Yield: 9x9-inch pan
- 27 oz (4 1/2 cups) white chocolate chips
- 21 oz (1 1/2 cans) sweetened condensed milk
- 1 1/2 oz (3 tbsp) unsalted butter
- 3 tsp vanilla extract
- 1 tsp blue gel food coloring
- 1 tsp red gel food coloring
1. Prepare a 9x9-inch pan by lining it with aluminum foil and spraying the foil with nonstick cooking spray.
2. Place 1 1/2 cups (9 oz) of white chocolate chips in a medium microwave-safe bowl, along with 1/2 cup plus 1 tbsp sweetened condensed milk (half of one 14-oz can), 1 tbsp butter, 1 tsp vanilla, and 1/8 tsp salt. Microwave the chips in 30-second increments, stirring after every 30 seconds to prevent the chocolate from scorching. Continue to cook and stir until the chocolate is melted and the fudge is smooth. Add the blue food coloring and stir it in until well-mixed.
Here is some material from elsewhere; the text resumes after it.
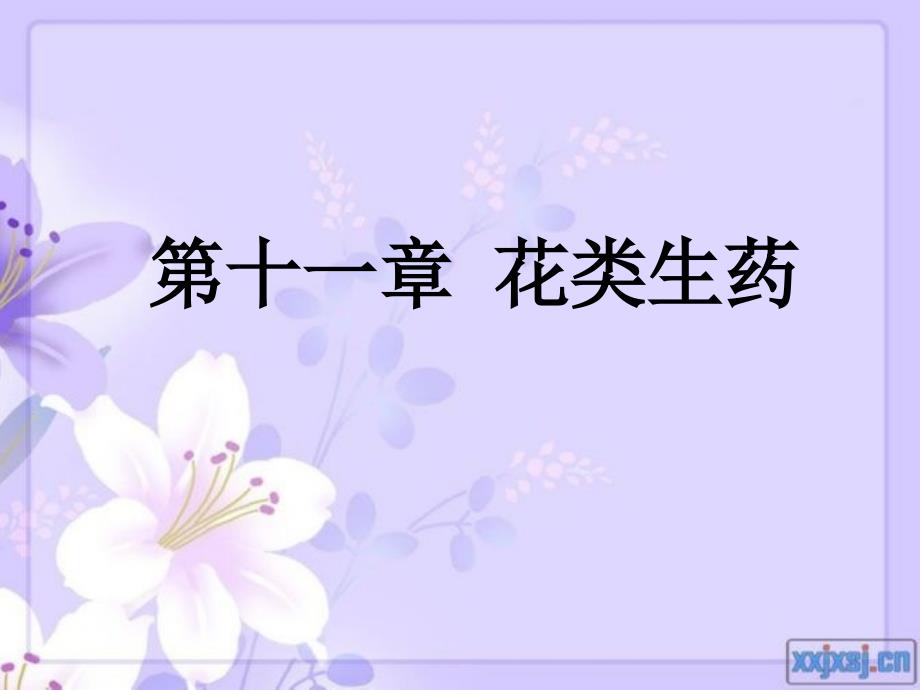 第十矣牖与章 花类生药_第1页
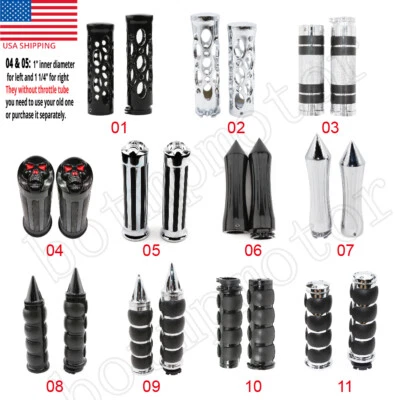 Motorcycle Hand Grips for Honda Shadow Aero ACE Spirit Sabre VT 600 750 1100 - Image 1 of 4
3. Scrape the fudge into the prepared pan and spread it into a smooth, even layer. It will be thin. Place it in the refrigerator to set for 20 minutes while you prepare the white layer.
4. Repeat the process again: combine 1 1/2 cup white chips, 1/2 cup plus 1 tbsp condensed milk, 1 tbsp butter, 1 tsp vanilla extract, and 1/8 tsp salt in a bowl. Microwave in 30-second increments, stirring after every 30 seconds, until melted and smooth.
5. Scrape the white fudge on top of the layer of blue fudge and smooth it into a thin, even layer. Place back in the refrigerator to set 20 minutes, then finish with the red layer.
6. Repeat the same process as before, using the same quantities. At the end, stir in the red food coloring, then spread it on top of the white layer. Let the fudge set completely in the refrigerator for at least an hour.
7. Once the fudge is set, use a large sharp knife to cut it into small squares. Serve Flag Fudge at room temperature, and store it in an airtight container in the refrigerator for up to two weeks.